▸ What you should do: Write out exactly the lines from the one that contains "VITNEX-L Syrup" down to the last line of the material below, keeping both ends and omitting pictures.

(Records supplied)

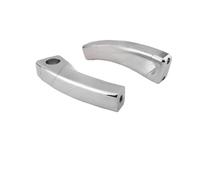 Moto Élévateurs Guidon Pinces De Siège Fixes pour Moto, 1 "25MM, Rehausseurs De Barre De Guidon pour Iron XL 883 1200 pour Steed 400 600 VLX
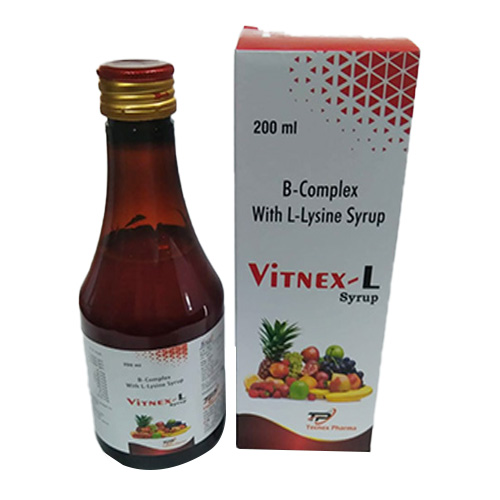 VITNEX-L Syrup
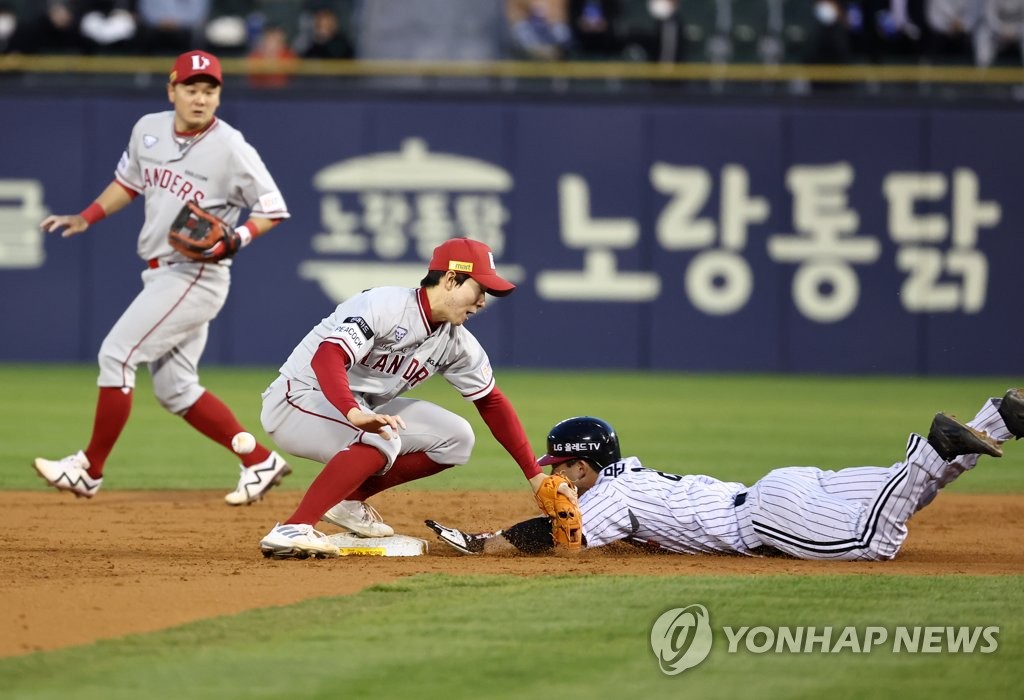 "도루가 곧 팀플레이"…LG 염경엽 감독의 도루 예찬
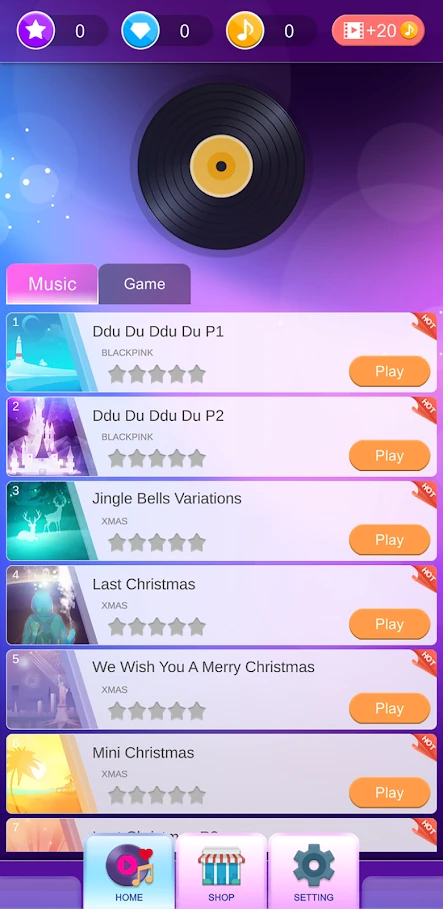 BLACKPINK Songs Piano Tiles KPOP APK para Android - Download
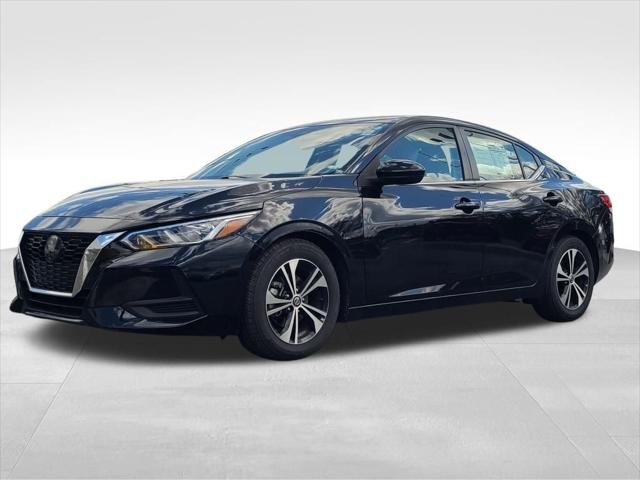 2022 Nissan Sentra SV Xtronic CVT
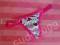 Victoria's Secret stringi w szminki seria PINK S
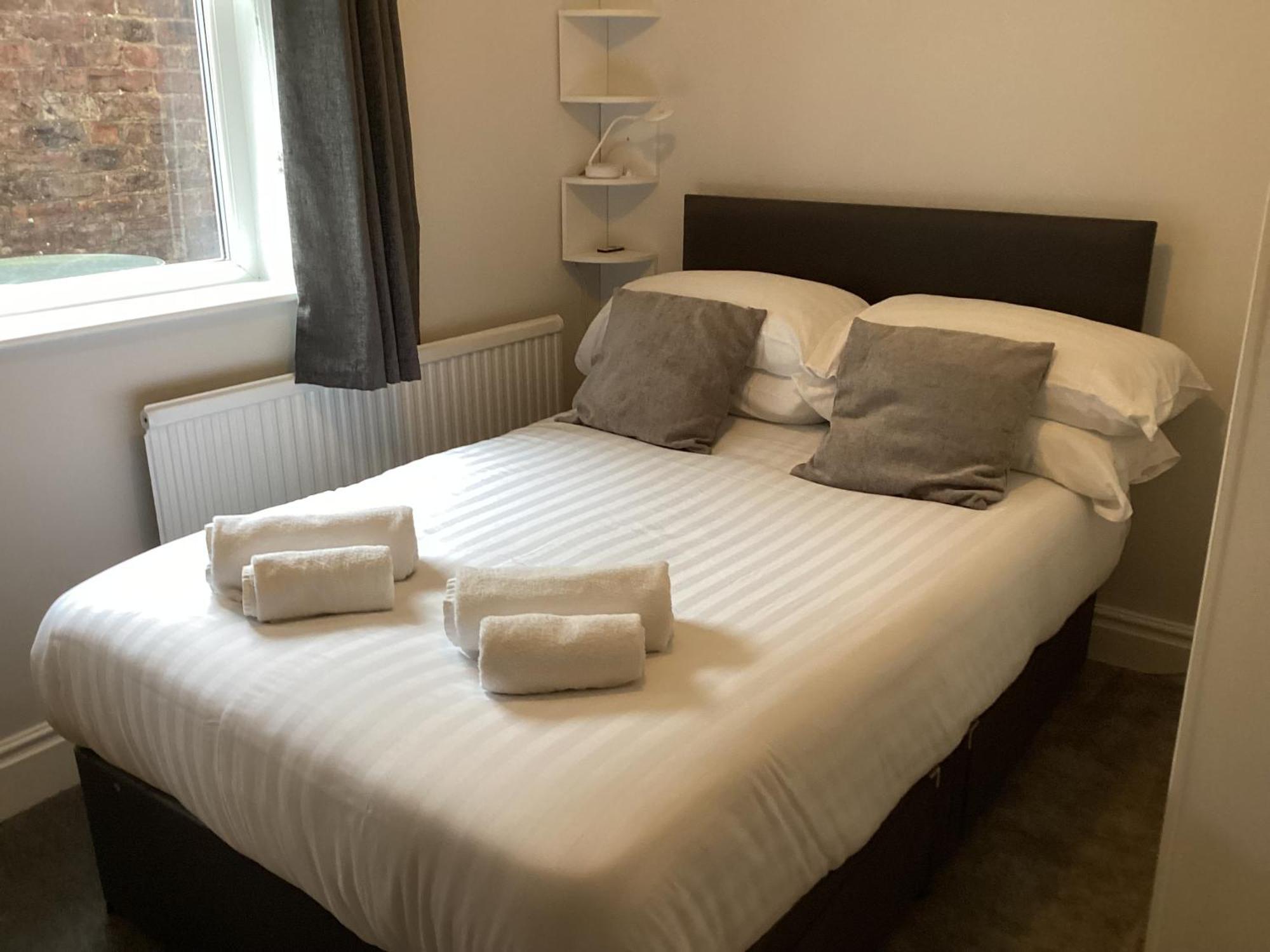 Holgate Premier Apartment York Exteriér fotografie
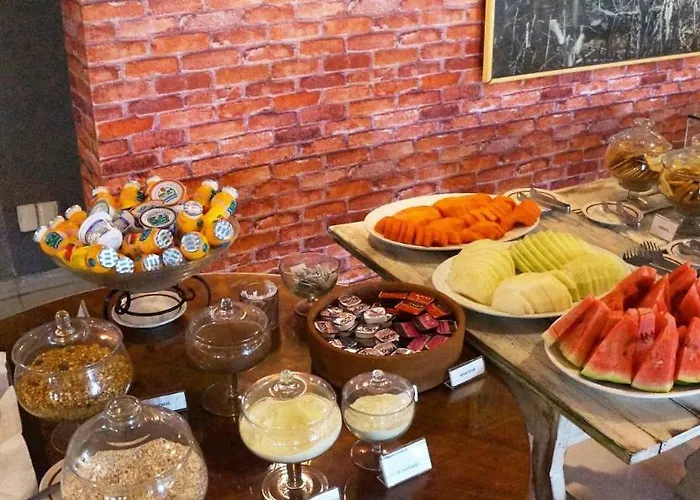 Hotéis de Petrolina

(End Records supplied)

▸ Your solution:
 VITNEX-L Syrup
 "도루가 곧 팀플레이"…LG 염경엽 감독의 도루 예찬
 BLACKPINK Songs Piano Tiles KPOP APK para Android - Download
 2022 Nissan Sentra SV Xtronic CVT
 Victoria's Secret stringi w szminki seria PINK S
 Holgate Premier Apartment York Exteriér fotografie
 Hotéis de Petrolina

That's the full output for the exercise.